The data START

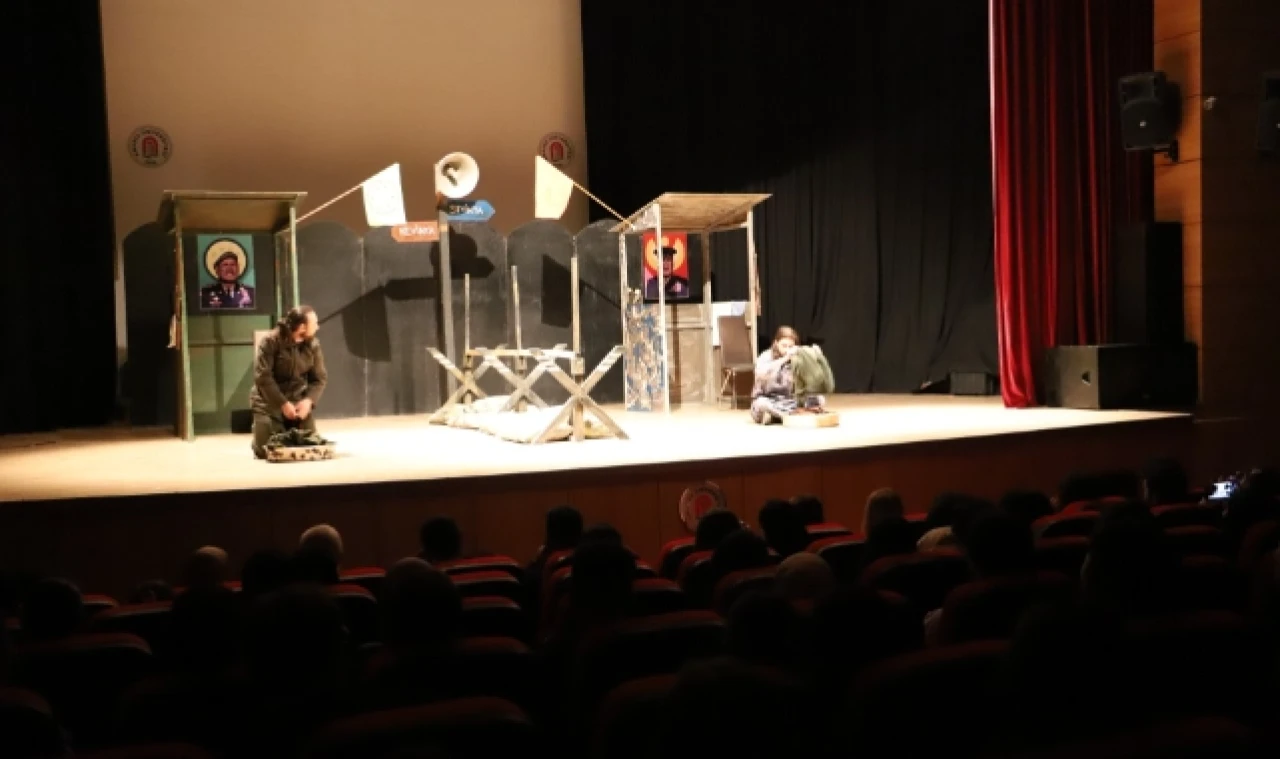 “Sınır” İsimli Tiyatro Gösterisi Gerçekleşti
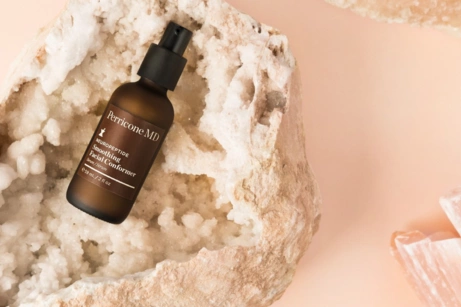 Нейрокосметика: как связаны кожа и мозг и как это поможет бороться с чувствительностью кожи и стрессом?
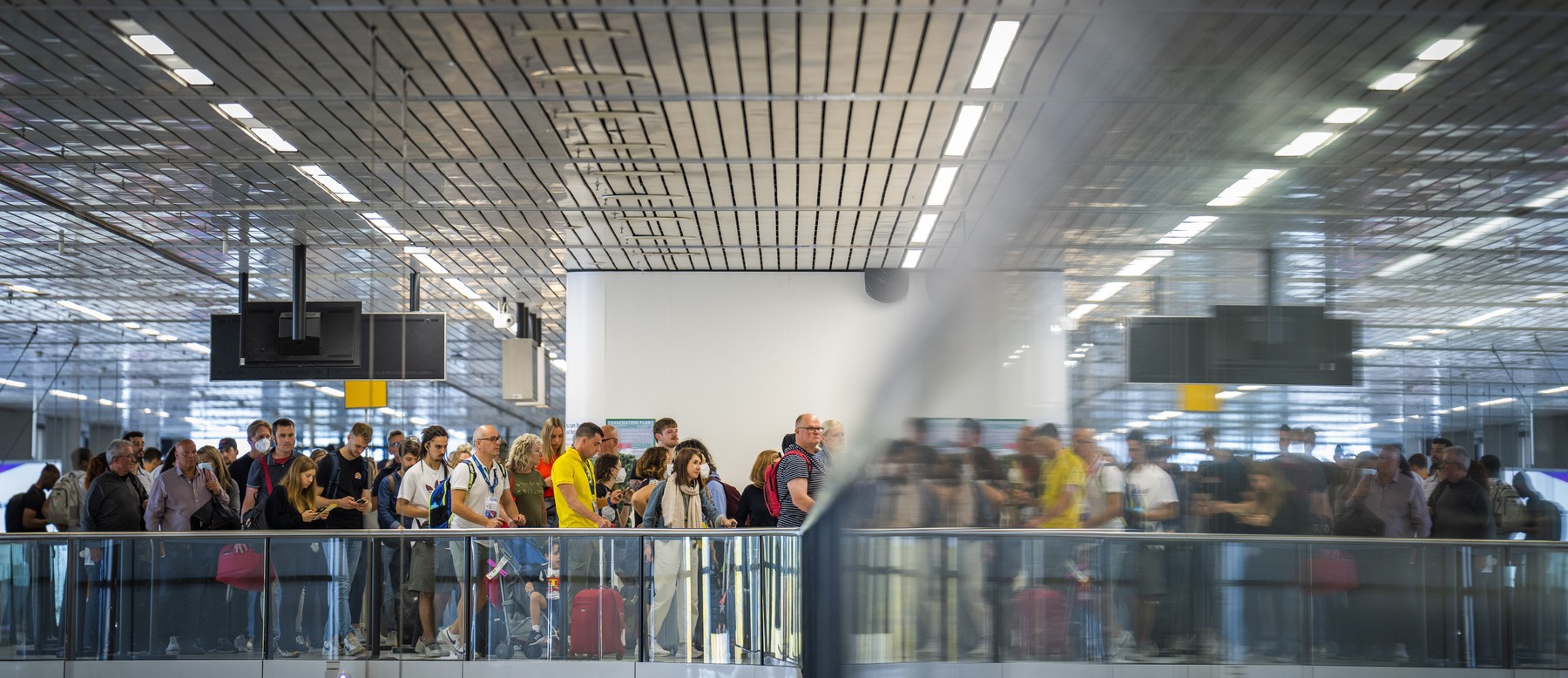 Care sunt aeroporturile din Europa cu cele mai multe zboruri anulate (analiză)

The data END

Each line above should be written out again exactly, without any image.

 “Sınır” İsimli Tiyatro Gösterisi Gerçekleşti
 Нейрокосметика: как связаны кожа и мозг и как это поможет бороться с чувствительностью кожи и стрессом?
 Care sunt aeroporturile din Europa cu cele mai multe zboruri anulate (analiză)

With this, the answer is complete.